The fundamental review of the trading book set out to simplify the capital management of market risk, but has ended up drifting away from the reality of the business.

What is happening?

At the end of October 2013, the Basel Committee on Banking Supervision (BCBS) published its second consultation paper on the fundamental review of the trading book, fleshing out an earlier, less detailed first draft in May 2012. Industry representatives met with BCBS members to discuss the proposals in December 2013. The consultation period ends on January 31, 2014. The BCBS hopes to finalise the rule in time for approval by the G20 summit in November 2014.

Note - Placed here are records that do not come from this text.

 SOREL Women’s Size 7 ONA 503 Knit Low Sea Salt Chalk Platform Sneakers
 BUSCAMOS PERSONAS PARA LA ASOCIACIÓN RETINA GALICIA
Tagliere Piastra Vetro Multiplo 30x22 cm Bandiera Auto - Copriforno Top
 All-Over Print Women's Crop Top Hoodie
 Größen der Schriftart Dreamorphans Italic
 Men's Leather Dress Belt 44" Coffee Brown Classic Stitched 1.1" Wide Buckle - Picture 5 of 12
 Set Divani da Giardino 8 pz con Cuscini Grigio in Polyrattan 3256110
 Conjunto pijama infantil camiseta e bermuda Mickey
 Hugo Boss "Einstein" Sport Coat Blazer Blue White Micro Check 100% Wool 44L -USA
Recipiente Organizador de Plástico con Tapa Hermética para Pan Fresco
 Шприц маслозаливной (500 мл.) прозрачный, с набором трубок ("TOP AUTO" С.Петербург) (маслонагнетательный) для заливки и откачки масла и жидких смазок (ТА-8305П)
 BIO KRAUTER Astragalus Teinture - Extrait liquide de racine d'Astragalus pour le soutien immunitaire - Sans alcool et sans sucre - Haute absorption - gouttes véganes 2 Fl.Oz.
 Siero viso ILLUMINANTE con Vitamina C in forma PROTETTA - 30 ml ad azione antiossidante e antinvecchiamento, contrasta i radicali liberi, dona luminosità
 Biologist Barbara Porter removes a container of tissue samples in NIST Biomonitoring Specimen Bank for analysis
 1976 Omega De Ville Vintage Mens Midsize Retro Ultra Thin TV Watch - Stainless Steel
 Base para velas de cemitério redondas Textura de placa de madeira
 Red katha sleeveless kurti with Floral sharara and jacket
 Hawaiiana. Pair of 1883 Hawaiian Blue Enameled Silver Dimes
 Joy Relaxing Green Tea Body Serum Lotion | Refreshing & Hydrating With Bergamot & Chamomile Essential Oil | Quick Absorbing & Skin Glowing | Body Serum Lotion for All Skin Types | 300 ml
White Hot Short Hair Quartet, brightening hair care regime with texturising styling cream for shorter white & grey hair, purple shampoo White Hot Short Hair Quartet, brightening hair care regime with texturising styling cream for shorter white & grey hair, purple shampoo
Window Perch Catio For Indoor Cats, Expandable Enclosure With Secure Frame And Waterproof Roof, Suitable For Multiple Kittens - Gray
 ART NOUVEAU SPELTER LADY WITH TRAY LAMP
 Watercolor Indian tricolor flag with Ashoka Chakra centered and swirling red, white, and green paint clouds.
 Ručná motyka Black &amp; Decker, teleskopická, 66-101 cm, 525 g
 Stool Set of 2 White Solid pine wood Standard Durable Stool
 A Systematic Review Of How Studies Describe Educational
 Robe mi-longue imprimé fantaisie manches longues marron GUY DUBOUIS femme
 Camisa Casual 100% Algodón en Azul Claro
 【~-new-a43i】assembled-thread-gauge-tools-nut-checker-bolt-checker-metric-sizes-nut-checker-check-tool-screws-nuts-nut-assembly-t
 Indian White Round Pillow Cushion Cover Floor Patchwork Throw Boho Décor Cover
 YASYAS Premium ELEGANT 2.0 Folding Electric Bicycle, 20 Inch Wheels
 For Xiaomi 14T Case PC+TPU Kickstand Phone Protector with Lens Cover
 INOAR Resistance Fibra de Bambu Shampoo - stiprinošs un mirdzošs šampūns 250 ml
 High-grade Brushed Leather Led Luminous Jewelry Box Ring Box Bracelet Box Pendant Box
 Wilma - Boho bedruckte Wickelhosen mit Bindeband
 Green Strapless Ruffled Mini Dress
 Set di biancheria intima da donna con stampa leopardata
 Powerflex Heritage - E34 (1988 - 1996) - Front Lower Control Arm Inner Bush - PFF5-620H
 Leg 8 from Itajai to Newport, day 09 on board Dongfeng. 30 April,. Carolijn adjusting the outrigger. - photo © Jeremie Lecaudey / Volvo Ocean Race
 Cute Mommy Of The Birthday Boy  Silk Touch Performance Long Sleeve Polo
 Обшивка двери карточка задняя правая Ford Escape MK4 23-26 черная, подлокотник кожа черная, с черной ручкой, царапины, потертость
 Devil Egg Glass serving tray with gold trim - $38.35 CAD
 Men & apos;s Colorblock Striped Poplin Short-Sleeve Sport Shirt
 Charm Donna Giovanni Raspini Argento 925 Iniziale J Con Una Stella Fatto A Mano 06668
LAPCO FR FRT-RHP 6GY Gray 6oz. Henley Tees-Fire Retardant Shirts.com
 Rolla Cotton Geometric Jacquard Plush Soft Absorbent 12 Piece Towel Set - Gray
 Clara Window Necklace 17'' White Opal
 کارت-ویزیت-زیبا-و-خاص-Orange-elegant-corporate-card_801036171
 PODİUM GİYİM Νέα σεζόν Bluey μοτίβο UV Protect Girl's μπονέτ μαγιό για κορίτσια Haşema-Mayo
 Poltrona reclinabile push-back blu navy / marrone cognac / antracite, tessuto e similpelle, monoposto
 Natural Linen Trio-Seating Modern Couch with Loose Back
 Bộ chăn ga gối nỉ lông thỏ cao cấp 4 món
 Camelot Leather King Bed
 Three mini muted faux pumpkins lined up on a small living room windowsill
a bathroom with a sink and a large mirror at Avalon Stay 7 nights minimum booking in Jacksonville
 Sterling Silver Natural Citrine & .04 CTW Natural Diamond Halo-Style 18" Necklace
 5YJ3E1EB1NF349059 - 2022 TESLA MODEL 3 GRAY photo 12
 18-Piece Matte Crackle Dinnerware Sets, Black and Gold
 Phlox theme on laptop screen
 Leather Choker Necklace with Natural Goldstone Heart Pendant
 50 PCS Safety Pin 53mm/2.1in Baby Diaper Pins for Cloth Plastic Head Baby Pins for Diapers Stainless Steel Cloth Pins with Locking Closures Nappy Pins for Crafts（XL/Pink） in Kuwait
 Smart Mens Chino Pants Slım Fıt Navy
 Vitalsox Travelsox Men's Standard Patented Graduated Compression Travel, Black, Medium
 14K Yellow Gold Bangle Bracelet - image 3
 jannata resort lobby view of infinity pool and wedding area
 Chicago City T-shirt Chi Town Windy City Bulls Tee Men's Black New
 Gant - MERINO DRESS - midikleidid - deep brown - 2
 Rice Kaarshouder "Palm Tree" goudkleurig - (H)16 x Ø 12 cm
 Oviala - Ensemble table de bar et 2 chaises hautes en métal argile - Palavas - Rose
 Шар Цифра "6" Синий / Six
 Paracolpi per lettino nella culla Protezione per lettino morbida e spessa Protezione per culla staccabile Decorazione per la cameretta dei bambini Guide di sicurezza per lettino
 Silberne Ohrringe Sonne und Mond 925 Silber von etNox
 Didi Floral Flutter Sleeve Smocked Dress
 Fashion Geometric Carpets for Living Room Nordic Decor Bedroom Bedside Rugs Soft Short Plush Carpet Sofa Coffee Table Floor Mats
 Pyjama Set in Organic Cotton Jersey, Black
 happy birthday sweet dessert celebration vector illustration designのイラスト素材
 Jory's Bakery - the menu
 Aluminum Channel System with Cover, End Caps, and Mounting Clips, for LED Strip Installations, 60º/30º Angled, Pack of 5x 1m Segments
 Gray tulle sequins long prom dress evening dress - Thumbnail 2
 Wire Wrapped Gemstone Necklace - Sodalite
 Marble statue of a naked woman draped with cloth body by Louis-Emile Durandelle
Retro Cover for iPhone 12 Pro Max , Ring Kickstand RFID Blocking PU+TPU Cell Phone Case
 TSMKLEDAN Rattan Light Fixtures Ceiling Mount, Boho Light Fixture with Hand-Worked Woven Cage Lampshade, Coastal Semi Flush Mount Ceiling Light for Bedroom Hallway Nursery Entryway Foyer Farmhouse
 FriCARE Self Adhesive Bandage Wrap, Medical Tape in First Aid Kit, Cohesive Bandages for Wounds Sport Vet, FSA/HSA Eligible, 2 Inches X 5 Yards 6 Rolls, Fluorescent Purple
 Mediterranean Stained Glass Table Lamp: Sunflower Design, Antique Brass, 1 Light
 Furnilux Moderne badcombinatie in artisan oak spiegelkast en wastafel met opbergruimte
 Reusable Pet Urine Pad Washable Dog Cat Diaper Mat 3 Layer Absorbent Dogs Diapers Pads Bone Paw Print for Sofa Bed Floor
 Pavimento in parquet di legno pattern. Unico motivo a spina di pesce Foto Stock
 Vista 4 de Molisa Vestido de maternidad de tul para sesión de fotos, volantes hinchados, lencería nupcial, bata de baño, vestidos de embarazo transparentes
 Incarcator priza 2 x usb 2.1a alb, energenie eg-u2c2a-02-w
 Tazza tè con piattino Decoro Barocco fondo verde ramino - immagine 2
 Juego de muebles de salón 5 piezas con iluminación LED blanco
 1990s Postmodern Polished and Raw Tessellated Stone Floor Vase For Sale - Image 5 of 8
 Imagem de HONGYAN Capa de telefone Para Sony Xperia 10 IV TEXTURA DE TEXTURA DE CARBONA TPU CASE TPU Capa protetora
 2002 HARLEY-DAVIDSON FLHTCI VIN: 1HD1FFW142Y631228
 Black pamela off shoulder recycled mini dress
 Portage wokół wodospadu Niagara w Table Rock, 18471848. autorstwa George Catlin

What do the regulators say?

In the words of the BCBS, during the financial crisis of 2008, “the level of capital required against trading book exposures proved insufficient to absorb losses”. This led to a revision of capital requirements under the interim agreement dubbed Basel 2.5, but the committee wanted a more comprehensive overhaul as part of Basel III. The second paper also constitutes an “increased focus on achieving a regulatory framework that can be implemented consistently by supervisors across jurisdictions”.

What are the main innovations?

Value at risk, a market risk methodology discredited during the financial crisis because of its failure to incorporate the losses from extreme ‘tail-risk’ events, is replaced with the expected shortfall measure, which includes the tail risks. The second major innovation is the introduction of clearer boundaries between the trading book and the banking book. This is to prevent banks from moving more volatile trading assets onto the banking book, where they would have less impact on the profit-and-loss accounts.

The first consultation paper proposed an evidence-based boundary, requiring banks to prove that assets belonged in the chosen book. The industry lobbied for a boundary based on stated intent and the BCBS settled on a compromise between the two.

Finally, the BCBS is pursuing the idea of liquidity horizons, where banks will have to model larger shocks for less liquid assets that would take longer to sell or hedge during an episode of market stress. But this innovation could conflict with the actual risk implications of hedging or correlation trades.

“A bank might hedge the interest rate risk on a less liquid bond that has a three-month liquidity horizon with a liquid interest rate swap that has a one-month horizon, leading to a gap in the model outputs, even if the hedge is a good one in risk terms. And the process of measuring correlation risks between assets with different liquidity horizons could also lose economic meaning,” says Lars Popken, head of market risk methodology at Deutsche Bank.

Reg rage anxiety

What do the banks say?

Fears over liquidity horizons reflect a more general concern that the proposals are increasingly divorced from the reality of running a trading desk. “The paper introduces new requirements that are based on theory and not on practice. The ‘use test’ of whether these are models the banks would use to run a business day to day has been replaced by an approach of laying down normative regulatory capital rules that focus on severe stress,” says Mark White, senior vice-president for capital management and optimisation at the Bank of Montreal. Mr White was a chair of the BCBS risk management and modelling group during his time as Canada’s assistant superintendent for financial institutions until 2011.

There is particular dismay about the suggestion that BCBS might use its revised standardised approach as a floor for market risk calculations produced by banks’ own internal models. The new standardised model is based on decomposing the present values of trading book cash flows. Jouni Aaltonen, a director of prudential regulation at the Association for Financial Markets in Europe, says this technique is ill-suited to traded instruments.

“The standardised approach penalises matched-book activities. This is because the market risk capital attributed to a portfolio of perfectly offsetting transactions will not be zero and it will increase with the size of the portfolio, even though its market risk is zero,” he says. He warns that this drawback makes the standardised approach inappropriate as a floor for internal models because “it does not provide the right incentives for continuous improvement of risk models”.

What is the alternative?

Mr Popken says there are other means to improve the comparability of internal model results between banks without requiring a full new capital regime such as the fundamental review. For example, regulators could set the same time period for calculating the volatility assumptions used in models.

“The advantage of keeping risk and capital management connected is that the model is constantly improved by the discussion between capital managers and traders whose risk limits are set using the same model. There is an argument for keeping that incentive to refine the model,” says Mr Popken.